Seven years ago, I took. I took repeatedly. I took whatever was proffered regardless of the hand it came from or the message it carried. Then I learned the words: nem, köszönöm (no, thank you). Then I learned to put them in the right order: köszönöm, nem (thank you, no). Now I’ve added a smile and occasionally a shrug of the shoulders, but no matter what I do, when I refuse, I feel as if I’m single-handedly doing someone out of a job.

Surface from any underpass or metro in the city and you’ll be met at the top of the steps by someone handing out flyers. They could be for discounted English lessons, for half-price pizzas, for good deals on old gold, for car services, for whatever. They’re advertising of some sort or other and, by all accounts, this form of direct marketing is very effective. I know. I asked. Well…I Googled.

This from a printer: In my experience, customers always tell me how well a certain flyer worked for them in gaining valuable business. I can see how it might, were I to get it in the post or inserted in a newspaper and glance at it idly over breakfast one morning and I just happened to be in the market for three metres of silk and a spool of thread that particular Tuesday.

This from a marketing adviser: The purpose of your flyer is to get your prospective customer to take a specific, desired action. Great – but if I don’t have a dog, a car, need English lessons, or have gold to sell, what then? Is the desired action to bin it?

From a university course: Flyers can be useful tools to communicate with new or existing customers. But perhaps this customer doesn’t want to communicate with you or even be communicated with. Some distributors can be quite in-your-face and take the delivery part of their job just a little too seriously. But rather than say no to you, I have to say no to them. And suffer the look. And feel as if I’m jeopardising their job.

Many people make their living from handing out flyers. I hope they are paid by the hour and not by the number of flyers they distribute. Hats off to them for their perseverance and their patience; I don’t think I could engage with people and so many köszönöm nem all day every day.
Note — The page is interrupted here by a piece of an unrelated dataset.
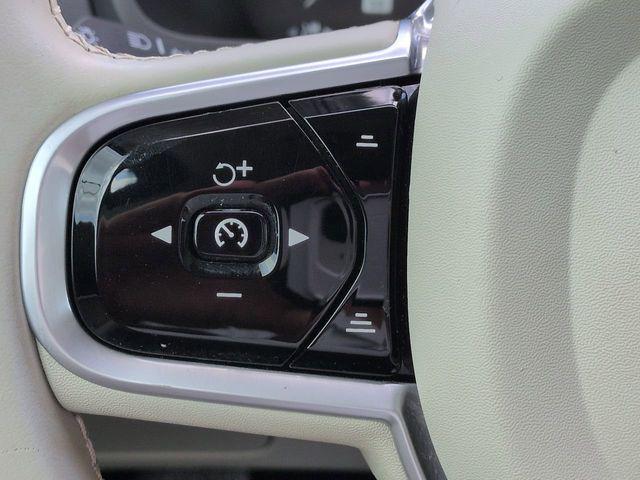 2019 Volvo XC90 T6 Momentum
So while I struggled initially and did what everyone else seemed to do and took the paper proffered, it soon got to me. No matter how I looked at it, it added up to one massive waste of paper. And it couldn’t be good for the environment. All those trees wasted. Books and newspapers and bulletins – they can be read, reread, and passed on. But flyers?

I’ve watched. Just the other day, 13 of the 13 people I saw taking flyers, binned them. Five glanced at them first. The other eight binned them without even looking. That had to rankle the distributor, I thought, but he didn’t look too bothered. Perhaps his job is done once the flyer leaves his hands. But those eight who accepted the flyers and then didn’t even read them were little more than passive conduits, moving paper purposelessly from A to B. And I wonder, too, if they were even aware that they were doing it?

So, jobs or the environment? I know now why I’d never make a politician.